Scharrer adds that creating a data-driven or data-driven culture is key. He says it’s about bringing “a data-driven culture that is understood from the claims handler to the business decision makers. Bring the whole organization behind it, either through incentives or governance, so that it is protected and leveraged as an asset.

Of course, it can only be truly leveraged as an asset if the right people can access the right information at the right time. Organizing where data is kept and how it fits into multiple workflows can be a mind-bogglingly complex task, but Jindal has a few suggestions that tie in closely with how integrating new channels and technologies can operate more effectively across the organization.

At each stage of the journey, everyone should know what the status is. How you orchestrate that has been the biggest challenge that insurers talk about.

“You need some sort of orchestration layer that can tie the broker experience to the middle and back offices, and pass it down the value chain,” he advises. “At every stage of the journey, everyone should know what the status is. How you orchestrate that has been the biggest challenge that insurers talk about. Specifically from a data organization perspective, he adds, “How do you present the right data to the right person at the right time? You don’t want to overwhelm them. What does a claims or customer service agent really need to look at? Fernqvist agrees, saying, “One of the big challenges with data is figuring out what needs to be centralized, but also how do we make sure we decentralize to enable innovation.”

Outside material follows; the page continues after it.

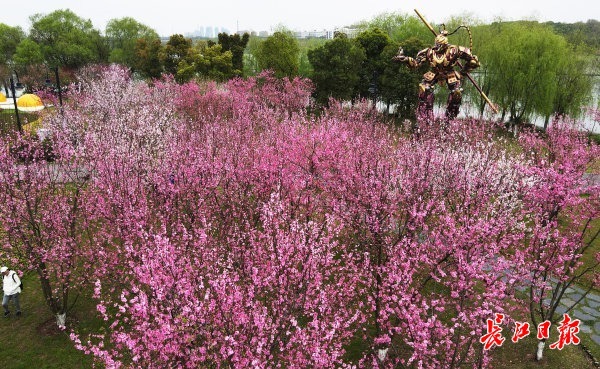 武汉东湖桃花盛开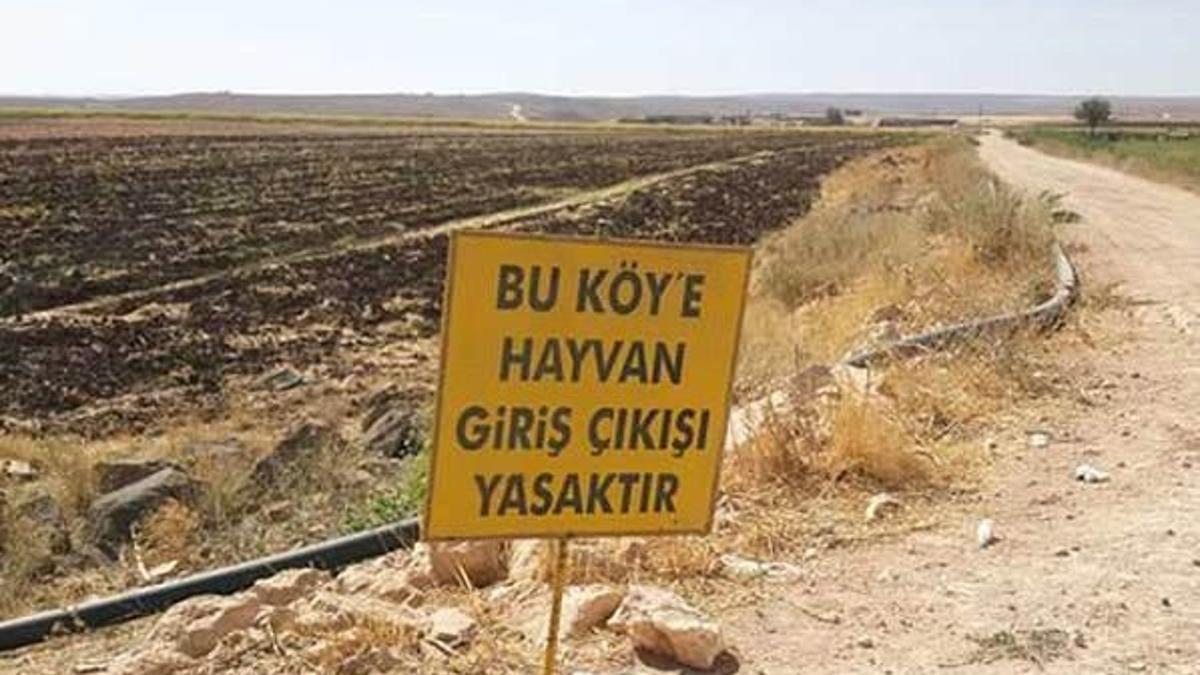 6 ay süreyle kuduz karantinasında!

Innovation in this context is essential. The world is changing rapidly and insurers must be able to make the most of the latest technologies, which are themselves heavily dependent on quality data, to stay ahead of the game. Scharrer points to the use of AI to be able to ingest other data sources such as documents, photos and satellite technology to accelerate and enrich customer interactions, but cautions against rushing and stressing the importance of data quality. “We expected AI to solve all our database and customer journey problems. But people are realizing that it’s still hard work.

Barnard is not discouraged, however: “Cognitive learning is a really powerful tool. This is where we start unlocking the value of rich data and it has come a long way in the past three years. This whole process, Barnard concludes, “is a really exciting journey that we’ve only just begun.”